Three Uzbek Journalists, Entrepreneur Sentenced On Libel Charges

Three Uzbek journalists and a private businesswoman have been sentenced on charges of libel and disobeying the authorities.

The Supreme Court said on November 3 that a lower court in the southern region of Qashqadaryo sentenced the same day Elyorbek Tojiboev, a correspondent with the Effect.uz website, to three years in a colony settlement.

In the tightly controlled former Soviet republic, decisions by regional courts are very often made public by the Supreme Court.

A colony settlement is a dormitory-like penitentiary located near an industrial facility where convicts work alongside the general public.

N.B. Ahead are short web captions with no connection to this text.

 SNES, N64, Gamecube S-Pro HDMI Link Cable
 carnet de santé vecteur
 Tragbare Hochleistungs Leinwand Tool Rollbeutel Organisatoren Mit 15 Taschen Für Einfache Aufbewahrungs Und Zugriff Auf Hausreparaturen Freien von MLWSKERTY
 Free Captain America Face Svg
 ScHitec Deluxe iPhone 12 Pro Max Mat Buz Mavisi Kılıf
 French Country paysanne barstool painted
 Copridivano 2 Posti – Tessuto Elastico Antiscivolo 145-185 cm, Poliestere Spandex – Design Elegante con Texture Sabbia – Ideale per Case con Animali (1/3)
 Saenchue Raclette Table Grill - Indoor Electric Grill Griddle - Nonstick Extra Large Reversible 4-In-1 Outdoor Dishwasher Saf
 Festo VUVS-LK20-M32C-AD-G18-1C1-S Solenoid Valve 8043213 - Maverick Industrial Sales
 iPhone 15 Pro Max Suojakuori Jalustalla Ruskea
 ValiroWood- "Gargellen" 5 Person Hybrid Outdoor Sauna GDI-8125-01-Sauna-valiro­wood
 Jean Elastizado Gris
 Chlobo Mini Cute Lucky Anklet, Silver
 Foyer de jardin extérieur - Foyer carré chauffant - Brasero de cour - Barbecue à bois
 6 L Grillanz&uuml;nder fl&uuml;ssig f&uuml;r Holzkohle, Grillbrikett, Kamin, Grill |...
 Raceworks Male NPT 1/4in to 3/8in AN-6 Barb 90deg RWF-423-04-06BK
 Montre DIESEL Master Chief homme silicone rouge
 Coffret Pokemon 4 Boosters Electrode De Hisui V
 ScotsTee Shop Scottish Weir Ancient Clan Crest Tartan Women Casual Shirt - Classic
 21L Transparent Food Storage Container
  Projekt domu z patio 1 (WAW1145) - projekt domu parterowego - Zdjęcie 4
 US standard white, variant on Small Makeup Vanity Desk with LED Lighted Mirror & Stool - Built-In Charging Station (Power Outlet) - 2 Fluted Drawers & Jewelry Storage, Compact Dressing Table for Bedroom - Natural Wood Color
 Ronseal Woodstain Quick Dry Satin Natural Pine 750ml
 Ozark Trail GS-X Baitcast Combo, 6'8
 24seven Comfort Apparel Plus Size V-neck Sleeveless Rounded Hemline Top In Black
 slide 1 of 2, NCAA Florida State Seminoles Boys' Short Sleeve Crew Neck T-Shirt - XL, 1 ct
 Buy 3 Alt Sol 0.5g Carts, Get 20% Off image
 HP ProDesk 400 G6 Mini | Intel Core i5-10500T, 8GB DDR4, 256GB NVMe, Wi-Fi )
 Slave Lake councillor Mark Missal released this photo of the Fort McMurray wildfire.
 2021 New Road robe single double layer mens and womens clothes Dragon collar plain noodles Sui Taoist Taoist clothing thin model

Two other journalists with Effect.uz, Akbar Nurimbetov and Hamidjon Ahmedov, were handed parole-like sentences of three and and 2 1/2 years, respectively.

Another defendant in the case, businesswoman Guzal Khudoyorova, was sentenced to two years of restricted freedom.

The four were found guilty of libel, insulting representatives of public authorities, and disobeying the authorities.

The charges against the journalists and Khudoyorova stemmed from a video the reporters shot in January at the trial of blogger Otabek Sattoriy, where a judge and several journalists engaged in an argument regarding the legality of the media presence in court.

After the journalists published the video, the region's Judges Councils filed a lawsuit against the reporters and Khudoyorova, who had been present in court backing the journalists' demand that they had a right to cover the trial of Sattoriy.

The Judges Council accused the four of insulting the judge and bailiffs, disobeying an official order to leave the courtroom, and spreading untruthful information about the authorities by publishing the video.

It is not known how the reporters and Khudoyorova pleaded.

In June, several journalists from Effect.uz were beaten in the eastern city of Andijon by the son of the city council's chairman.

In May, a court in the southern Surxondaryo region sentenced Sattoriy, who has been known for reports critical of local government, to 6 1/2 years in prison on what he and rights groups called "trumped-up" extortion and slander charges.

Sattoriy rejected the charges as politically motivated.

Uzbekistan is ranked 157th out of 180 countries in Reporters Without Borders 2020 World Press Freedom Index.